§ What you need to do
These records contain pictures, which must be left out; copy exactly the lines from the one with "this 315×236 image." up to and including the one with "this 450×300 image.".

──────── Information supplied

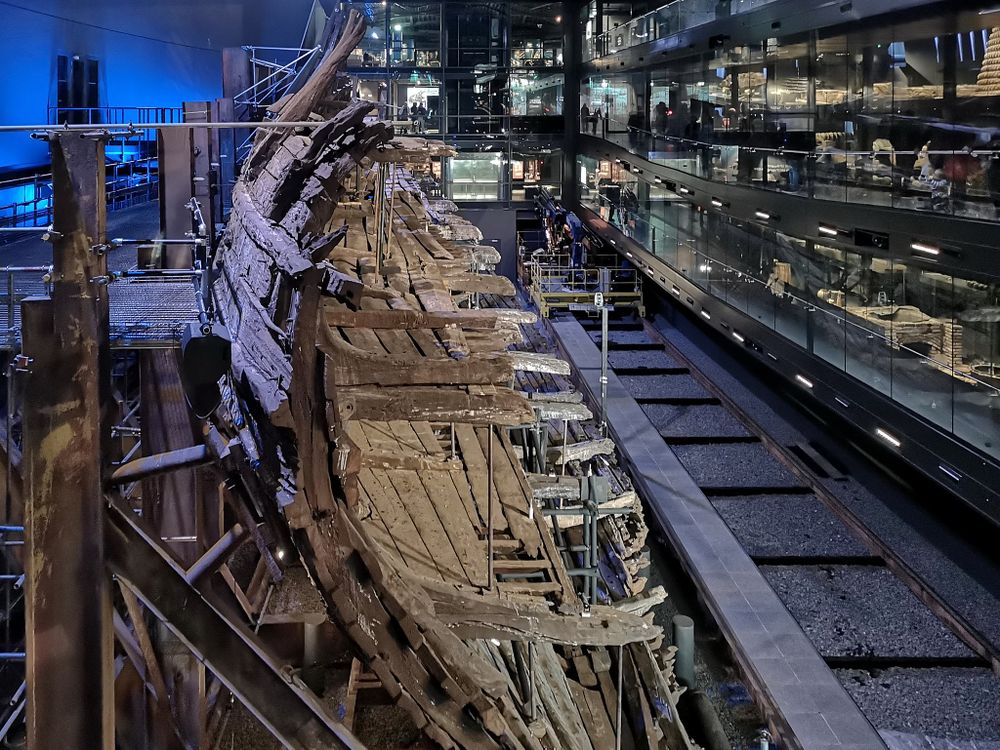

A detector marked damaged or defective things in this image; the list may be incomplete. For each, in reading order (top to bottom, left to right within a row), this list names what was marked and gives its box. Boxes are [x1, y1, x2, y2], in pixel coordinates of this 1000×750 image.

────────────────
──────── Information supplied

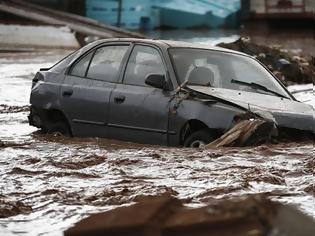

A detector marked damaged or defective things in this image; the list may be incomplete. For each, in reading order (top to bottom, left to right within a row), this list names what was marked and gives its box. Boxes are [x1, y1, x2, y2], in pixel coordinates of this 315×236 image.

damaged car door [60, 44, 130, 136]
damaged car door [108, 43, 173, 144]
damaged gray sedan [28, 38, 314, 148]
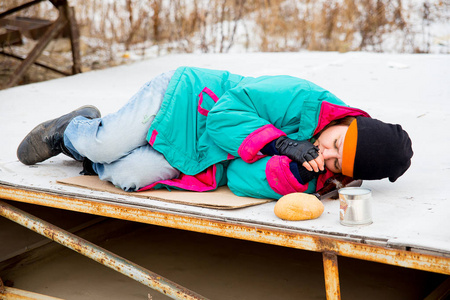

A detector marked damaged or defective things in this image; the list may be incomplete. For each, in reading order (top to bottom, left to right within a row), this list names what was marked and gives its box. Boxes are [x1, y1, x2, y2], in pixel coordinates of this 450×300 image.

────────────────

§ Task output
A detector marked damaged or defective things in this image; the list may be incomplete. For each, in reading order (top to bottom, left to right within a row), this list names what was marked and gives its box. Boxes are [x1, y1, x2, y2], in pixel coordinates of this 315×236 image.

damaged car door [60, 44, 130, 136]
damaged car door [108, 43, 173, 144]
damaged gray sedan [28, 38, 314, 148]

A detector marked damaged or defective things in this image; the list may be incomplete. For each, in reading order (top to bottom, left to right within a row), this list names what was marked and gives its box. Boxes are [x1, y1, x2, y2], in pixel coordinates of this 450×300 image.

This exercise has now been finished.